▸ Task instructions
Copy exactly the lines of the data below, beginning with the line with "Mouse ring holder picture" and ending with the line with "Comw61 - VE". Pictures are to be omitted.

Start of Material for the task

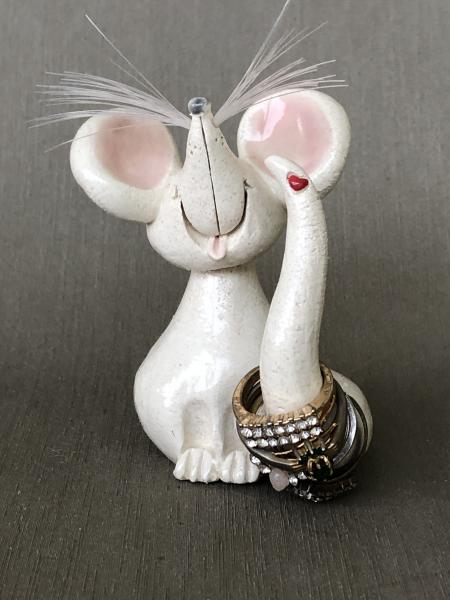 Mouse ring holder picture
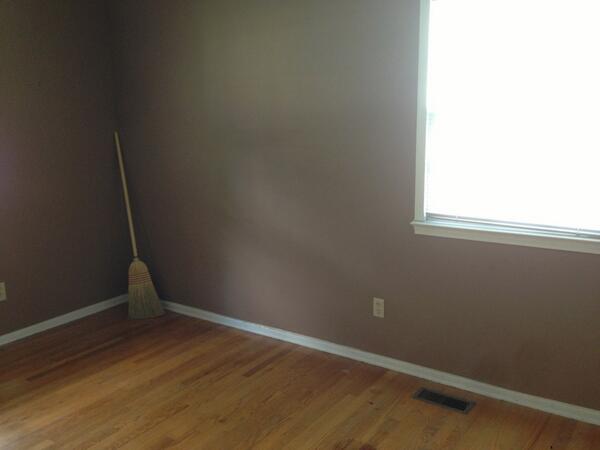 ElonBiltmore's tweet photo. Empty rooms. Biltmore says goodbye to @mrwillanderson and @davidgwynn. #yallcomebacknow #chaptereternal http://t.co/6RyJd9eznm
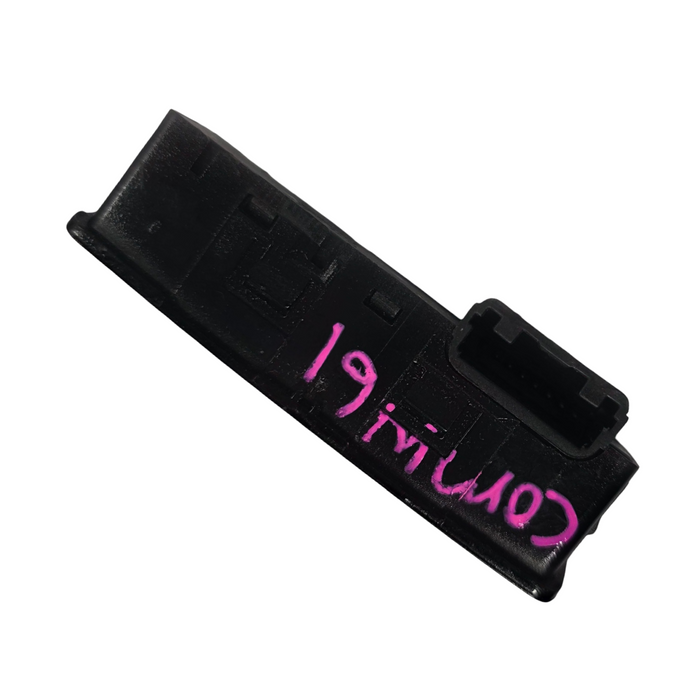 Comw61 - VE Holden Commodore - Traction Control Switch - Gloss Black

End of Material for the task
Start of Material for the task

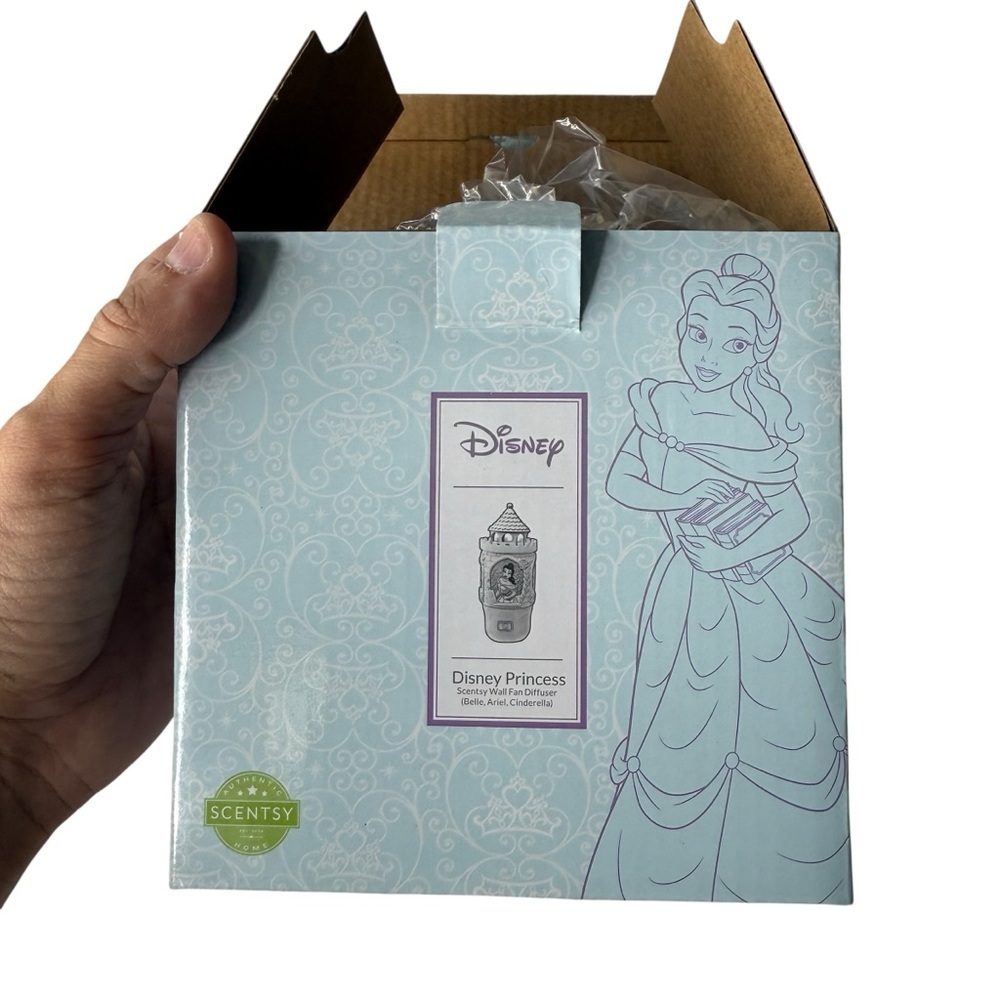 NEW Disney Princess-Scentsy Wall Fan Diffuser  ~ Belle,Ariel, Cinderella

End of Material for the task
Start of Material for the task

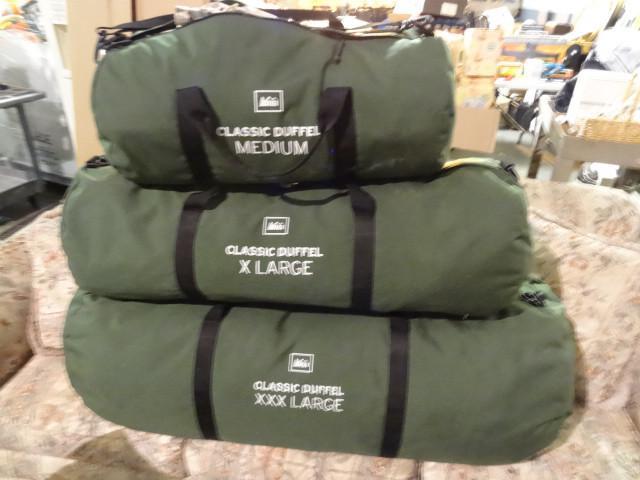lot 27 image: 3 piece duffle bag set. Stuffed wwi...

End of Material for the task

▸ Answer space
 Mouse ring holder picture
 ElonBiltmore's tweet photo. Empty rooms. Biltmore says goodbye to @mrwillanderson and @davidgwynn. #yallcomebacknow #chaptereternal http://t.co/6RyJd9eznm
 Comw61 - VE Holden Commodore - Traction Control Switch - Gloss Black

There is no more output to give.